With works from Irving Penn, Helmut Newton, Richard Avedon, Daidō Moriyama, and more, a new exhibition at Hamiltons gallery explores intimacy and detail, as seen by the modern masters of photography
Cindy Crawford poses in front of a hollowed tree in St Tropez, like Botticelli’s Venus, shot by Helmut Newton in 1991 for American Vogue; Brigitte Bardot shot by Richard Avedon in 1959, an image later used by Andy Warhol for his renowned silkscreen series; Hiro trains Maria Beadeux to smoke, inspired by the opium dens that he saw as a child growing up in the 1930s; William Wegman’s 1981 triptych of a dog quietly sat by a pond; a 1969 screenprint by Daidō Moriyama; manikins aplenty. Each work currently on display at Hamiltons as part of its new exhibition, Up Close, tests the distance between subject and lens.
From Herb Ritts to Irving Penn, Erwin Olaf to Helmut Newton and more, it’s an exhibition of work by photographers who have defined the visual language of the 20th century and continue to influence photography today.
Opening in tandem with Photo London and running for the month of May, Up Close is a survey of intimacy, detail and closeness. “With Photo London on the calendar, we began thinking about how the fair encourages people to get up close to photography,” says Tim Jefferies, Hamiltons gallery founder and principal. Jefferies treated the gallery as though it were a booth at an art fair, curating a selection of works by photographers Hamiltons has represented for decades. “The shared thread between these images is that they’re up close, they’re taken at close proximity.”
The breadth of artists represented are testament to the gallery’s legacy. Founded in 1977, the gallery soon turns 50. We’re also approaching 200 years since photography’s inception, a representative of the gallery points out. The exhibition becomes a triptych in its own right – a picture of Hamiltons at 50, a marker of image-making on the cusp of its bicentenary, and a call to slow down and take in beautiful photography, up close, in the wake of Photo London.

“Like those at Photo London, the exhibition reinforces photography’s position in public consciousness,” says Jefferies. “We can’t move without being impacted by photography, it’s all around us, we’re bombarded with it – online and on social media. I think people can become desensitised to it.” Exhibitions demonstrate the importance of engaging closely, physically, with art – “each work, curated, framed and mounted, presented in a gallery environment, not on a backlit screen.”
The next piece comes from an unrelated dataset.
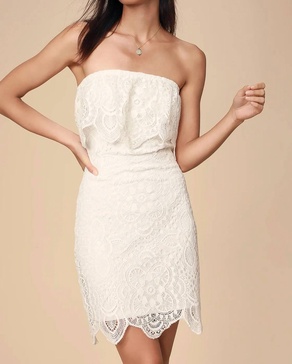 lace strapless mini dress in white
Much of the work on show carries fascinating artistic lineages and cultural afterlives. Avedon’s portrait of Bardot, taken in 1959, later became the basis for Andy Warhol’s silkscreens at the request of Gunter Sachs. Hiro, who rose to extraordinary heights in fashion photography, interned with Avedon. Now their images are juxtaposed. Irving Penn photographed flowers as though they were people, like portraits up close and personal. His photo Cottage Tulip, from a series which began 1967 and continued through the 2000s, has a humane quality to it – its petals textured and porous like skin. “It’s interesting to note how certain images have a cultural afterlife or stride through different decades and generations with different meanings, perhaps, from when they were first taken,” says Jefferies.
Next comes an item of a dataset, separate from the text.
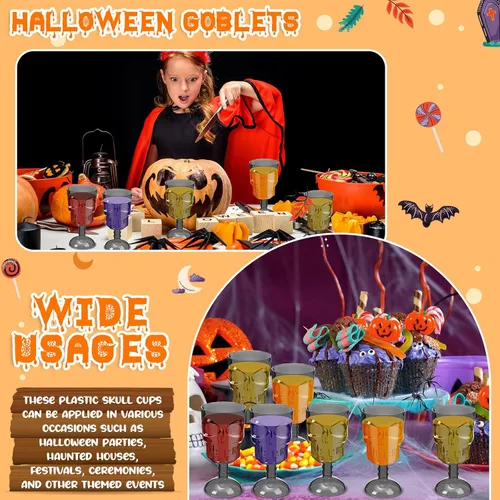 Vista 4 de Bokon Juego de 12 copas de Halloween, copas de calavera, decoración de mesa gótica, copa de vino de plástico, suministros para fiesta de Halloween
Horst P Horst’s 1949 photograph, Steer’s Hoof, Runs of Persepolis, depicts a historic Persia, now Iran. “Iran – a word, a name, a country – is on everybody’s mind, and images of it in the present day are everywhere,” says Jefferies. “It’s nice to be taken back to a period in time which celebrates the extraordinary cultural legacy of Iran, which Horst’s picture does.”

“When one has the privilege of working with the very best practitioners of their medium, the masters of their craft, making a selection of important or relevant images becomes less problematic,” Jefferies says. “Up Close is a celebration of quality and the closeness, the proximity, is what ties the whole presentation together.”
Up Close is on show at Hamiltons in London until 30 June 2026.